Active managers at institutional firms used these strategies for decades. ETF issuers started to incorporate this research, but created rules to replicate the research and apply it to passive indexes. This makes smart-beta ETFs a cheaper alternative than buying actively managed mutual funds, in which portfolio managers select stocks based on certain criteria.

Portfolio Strategies With Smart Beta ETFs

Todd Rosenbluth, senior director of ETF and mutual fund research for CFRA in New York City, says for extremely risk-averse investors who still want some equity exposure, low-volatility ETFs can be a core part of their portfolio, perhaps replacing a typical S&P 500 or Russell 1000 ETF. For investors who are only moderately risk averse, these ETFs can be a complement to an existing portfolio.

One example is Invesco S&P 500 Low Volatility ETF (ticker: SPLV), which is comprised of the 100 least risky stocks in the S&P 500 index. He says that this ETF is designed to be only three-quarters as risky as the broader S&P 500 index.

Kip Meadows, founder and CEO of Nottingham, a fund administration firm and white-label ETF issuer in Rocky Mount, North Carolina, says the theory of smart beta or factor investing posits that qualitative decisions can help investors pick higher quality companies.

“It’s like a hedge strategy,” Meadows says. “If you have a downturn, the theory is the company that has the better fundamentals, like a higher dividend, it should outperform and provide investors protection.”

Dividend-strategy ETFs are another risk management tool. Rosenbluth says dividend-strategy ETFs come in different types, such as dividend growth like ProShares S&P 500 Dividend Aristocrats ETF (NOBL), which is constructed based on how consistent the company has been on paying or raising dividends. Another dividend-focused ETF is iShares Core High Dividend ETF (HDV), constructed based on yields. “The yield-centric ones tend to be less volatile, while the dividend-growth ones are closer to a traditional core strategy,” he says.

Smart-beta investing is about portfolio stability, rather than seeking out hot investments for outsized returns, Meadows says.

These Funds Can Help Mitigate Losses

Craig Bolanos, CEO of Wealth Management Group in suburban Chicago, says factor investing is not new, but what is new is the ability to access these investments through smart-beta ETFs.

Bolanos says he saw wider adoption of some of the smart-beta strategies like low volatility during the fourth-quarter market sell-off last year because these strategies help mitigate some losses. That doesn’t mean people made money, it just means they didn’t lose as much.

Rosenbluth says investors must understand smart-beta strategies aren’t foolproof. They help limit losses in down times, not prevent them. More often than not, these ETFs will have less negative return compared to other funds during a volatile market.

“The appeal of these is that instead of trying to time the market by moving in and out of cash or bonds, you could (benefit) from some the smart-beta characteristics. But these are not safe investments. They’re safer investments,” he says.

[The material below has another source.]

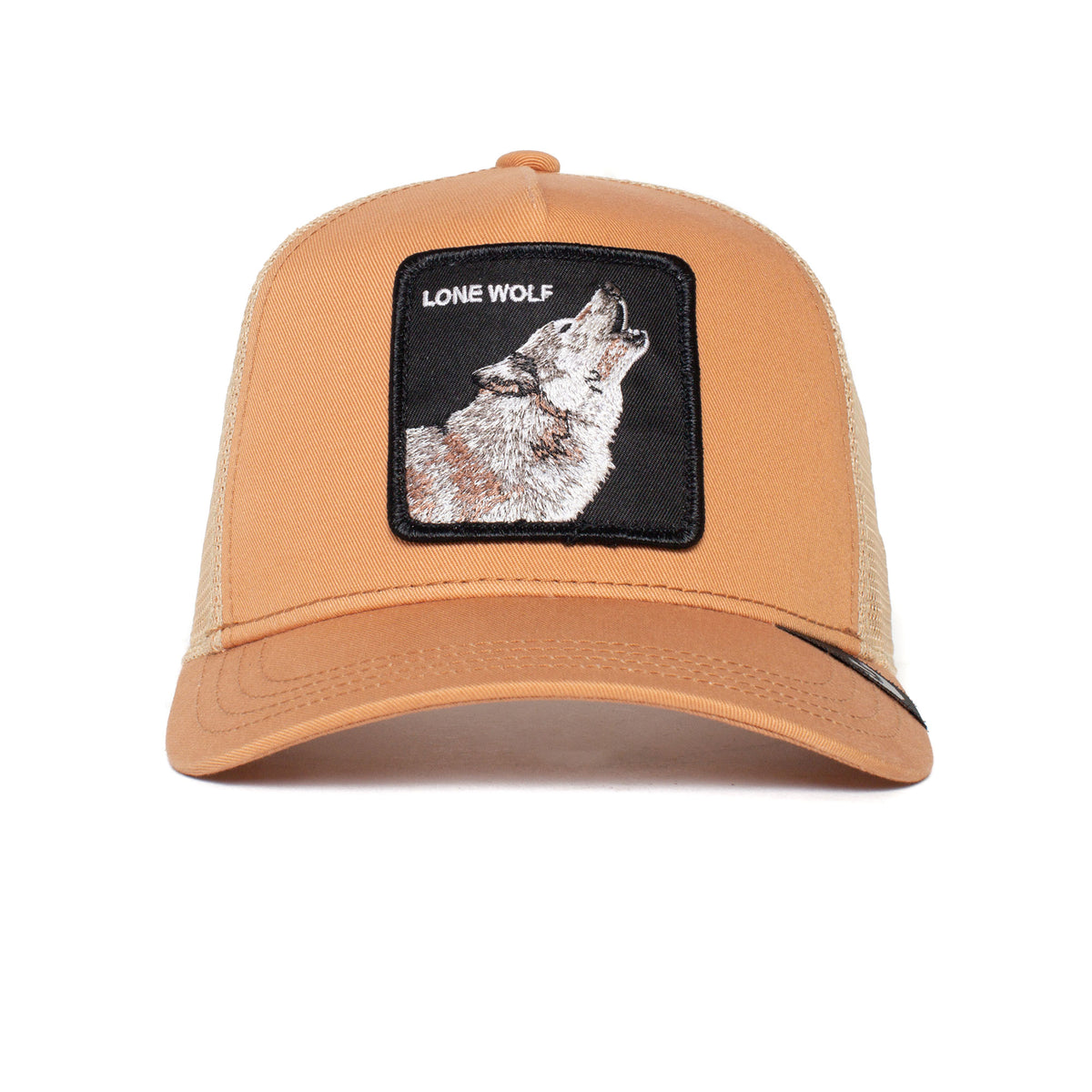 Goorin Bros Lone Wolf Truckin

In 2018, SPLV’s annual return was essentially flat, up 0.03%, while the SDPR S&P 500 Trust ETF (SPY) was down 4.45%.

Further, the risk-averse smart-beta ETFs will also lag the broader market during rallies because they invest in the defensive areas of the market, like consumer staples and utilities, which often lag in a rally.

With the stock market volatility and an economy in a late cycle, people have too much equities exposure, Bolanos says. He adds that there’s a lot of risk out therein a late-state bull market, and people need to move to safe investments for when the stock market corrects itself.

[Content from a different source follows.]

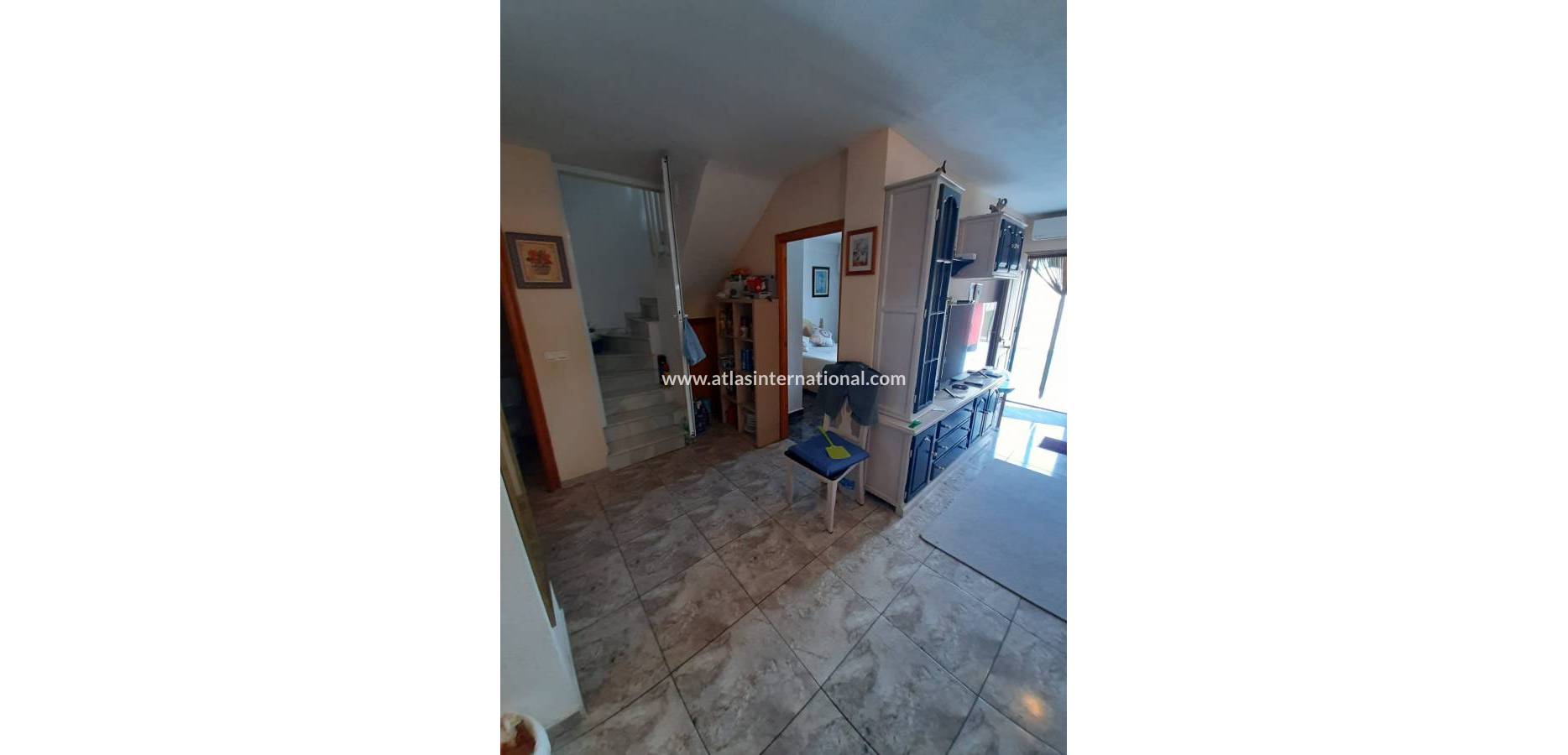 Resale - Duplex - Torrevieja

“If my job as a financial counselor is to get people to do what’s in their best interests, but it’s too hard of a hurdle to get them to buy bonds, factor-based investing under the guise of minimum volatility allows us to move people’s equity exposure into something that’s more palatable for their stage of life,” he says.

Although the past doesn’t predict the future, Meadows says the academic research behind smart-beta strategies focuses on what characteristics of investing do well over time. The biggest attribute an investor needs when it comes to using smart beta ETFs is patience.

“These are long-term investments,” he says. “The longer term strategy can help you lose less.”